Lately I've been listening to folks throwing around words like "liberal," "heretical," "heterodox," etc. It's irritating. It contributes nothing to reasonable discussions, even when those labels might have some degree of accuracy.
When I hear somebody using the l-word, it is almost always an arbitrary distinction. My opponent's position is liberal, simply because it differs from mine, which I like to call conservative. Just because. The reverse can also be true, if it serves my purpose. "Conservative" and "liberal" are always a question of what spectrum you're using, and where you think you sit on it. Those words aren't descriptive at all, because definitions vary from one discussion to another.
It keeps people from focusing on actual ideas and really learning something because we're so tangled up in rhetoric instead. If somebody calls me liberal, I think they're stupid, because it demonstrates that such a person lacks the good sense to describe a position they disagree with to any degree of nuance. I think the whole point of such words is to shut down debate by putting up an emotional smokescreen.
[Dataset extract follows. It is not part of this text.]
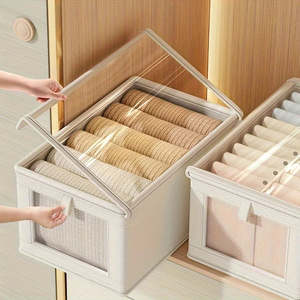 Gifts Novelties: Large Foldable Fabric Storage Box with Clear Window – Clothing & Blanket Organizer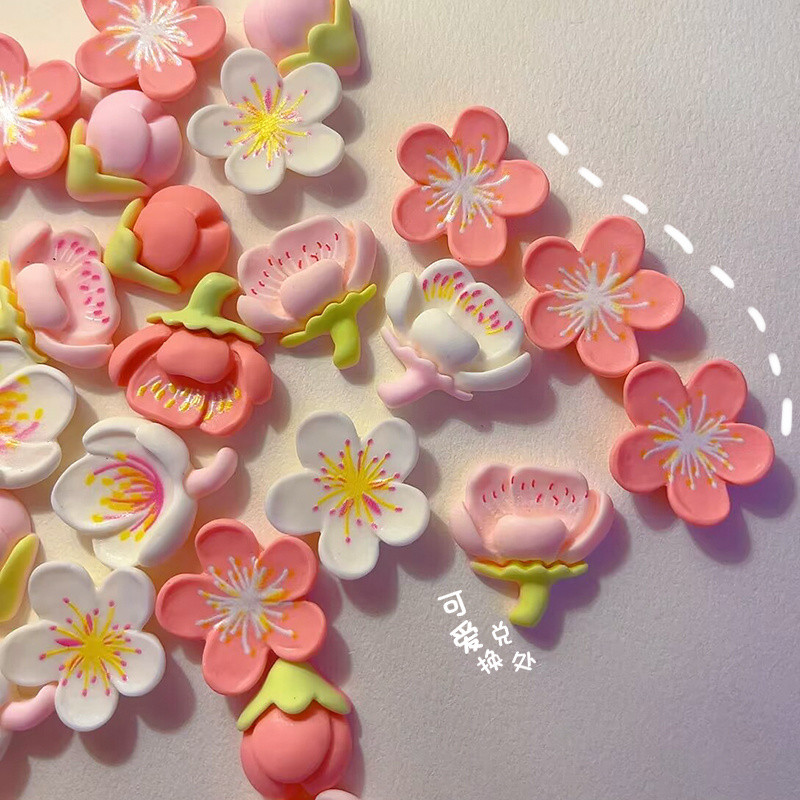 คลิปผมทำมือซีรีส์ดอกพีชฤดูร้อนใหม่ 100 ชิ้น ทำจากครีมกาว ทำเอง คลิปผม กรอบรูป เคสโทรศัพท์ ขวดน้ำ อุปกรณ์ทำมือน่ารัก - รูปที่ 5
Never mind the fact that "liberal" and "conservative" are never words that I use to describe myself in repect to any issue.
I know that in politics that those words can to a limited extent describe an attitude of "maintenance" or "progress," but that still doesn't say much about particular issues. In regard to theology, it might look more cut and dry: if it seems to you that people used to believe something, and you see people arguing for something different, there must be a conservative and a liberal position.
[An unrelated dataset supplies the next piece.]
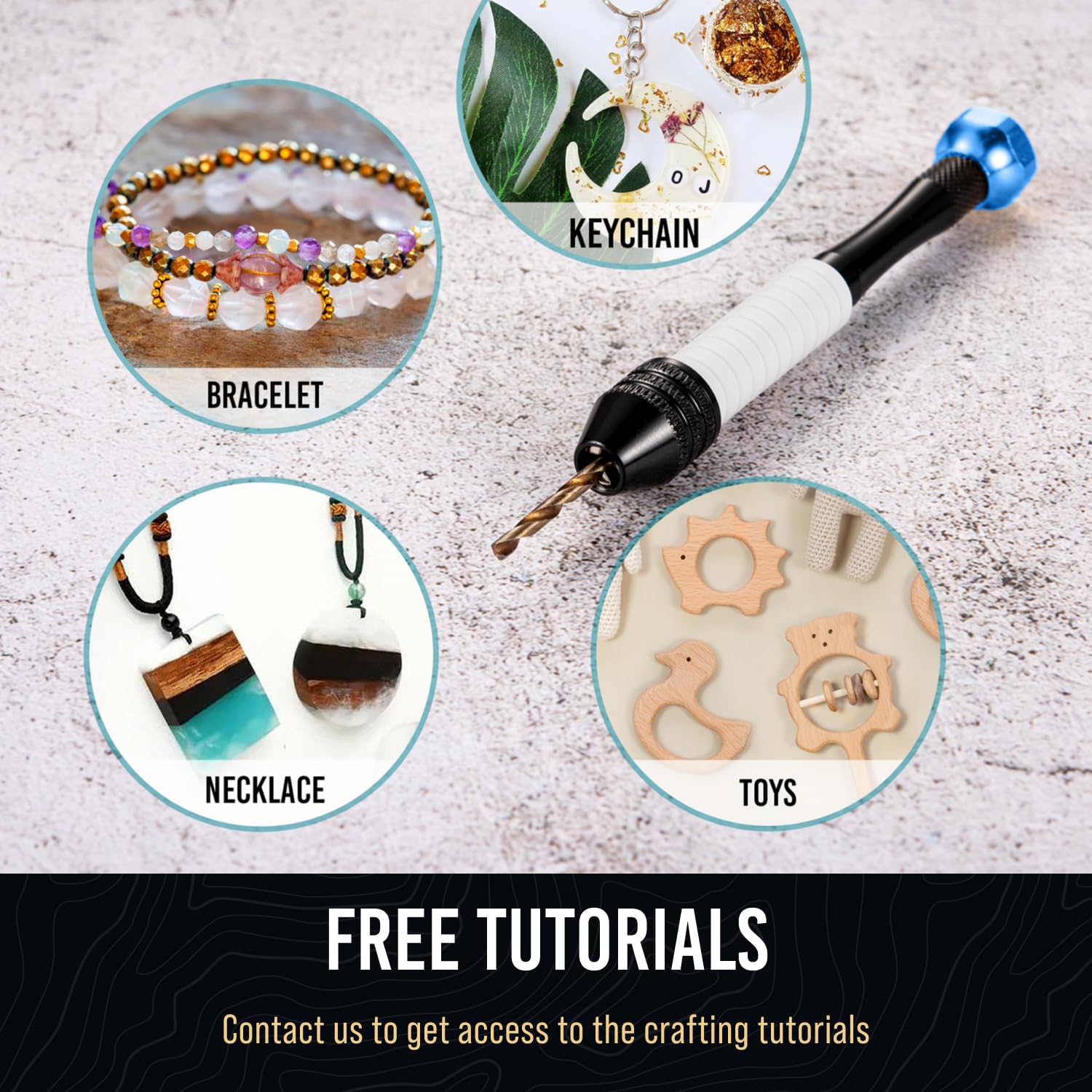 Micro Drill Bits Set with Pin Vise | Small Hand Drill - Pin Vise Hand Drill Manual, PCB Mini Bits for Resin Beads Polymer Clay | DYI Jewelry Making, set - Image 8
Many Christians fail to realize that a great number of their beloved practices and teachings that they consider to be traditional and orthodox are actually inventions of the last two hundred years and are built to a considerable degree upon their local cultures. Attempts to engage the biblical narrative and to read history? Folks calk that liberal.
Let's look at some examples:
The Rapture. Oh yeah. We see the first stirrings of this with William Miller's group in 1844 on the American Frontier. Scofield's Bible popularized dispensationalism around 1908, whereas it has previously been much maligned and denounced throughout the history of the Church. We can thank the Enlightment and Scottish "Common Sense" philiosophy for the Western (but mostly American) insistance on treating the Bible like it's a strange hybrid of a mathbook and Nostrodamus' prophecies.
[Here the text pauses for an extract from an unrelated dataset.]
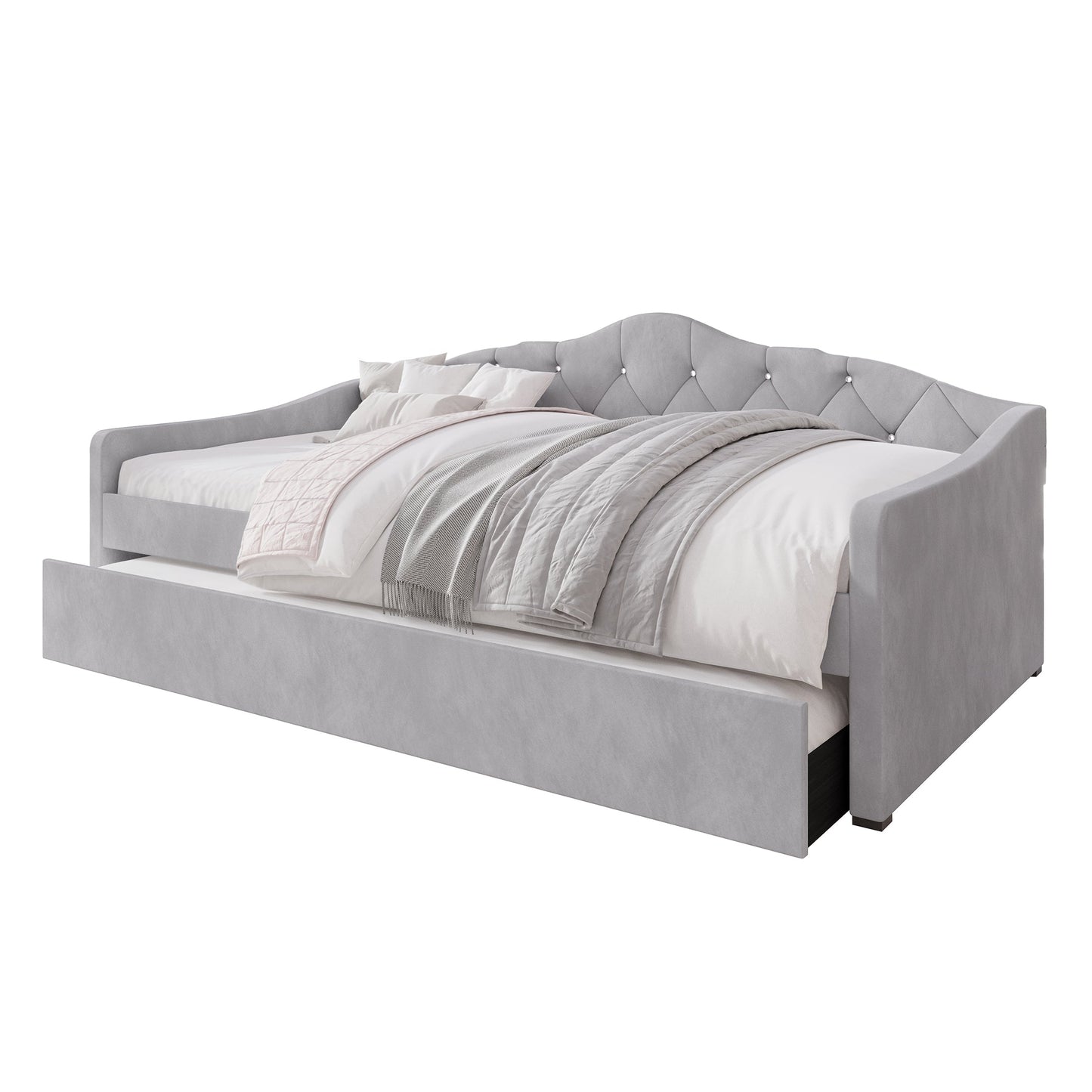 Caitronia Velvet, Crystal Button Tufted Twin Daybed with Trundle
Altar Calls. So many evangelicals only understand conversion in the context of a highly emotional and individualized way of thinking about salvation that emerged on the American Frontier (is there a pattern?) during the Second Great Awakening, beginning at Cane Ridge, circa 1801.
Dualism. Physical existance is somehow equated with what Paul calls "the sinful nature." People await the liberation of their souls from these terrible bodies... to an ethereal existance in "eternity." Nope. They've been reading Bibles, but preaching to themselves from Plato. This dualism, this hatred of the body and physical existance was part of the Gnostic heresy that emerged in the late first century and has plagued the Church ever since.
Alright, now take notice of how those three theses are the beginnings of arguments, and so just a little bit of thought put into them.
Now check out this sentence:
I insist that people who believe in and promote these three ideas and practices are liberal innovators, pushing heresy into the faith once delivered to the Church.
Do you see how that wasn't an argument? I just slapped a whole bunch of people with emotionally charged labels that didn't add a bit of substance to my argument. It works great to distract people from the fact that my actual arguments (as presented) haven't been fleshed out. If I can get people on the defensive, it's a lot easier to pick apart their objections than to present a strong argument myself.
Do you see why I don't bother?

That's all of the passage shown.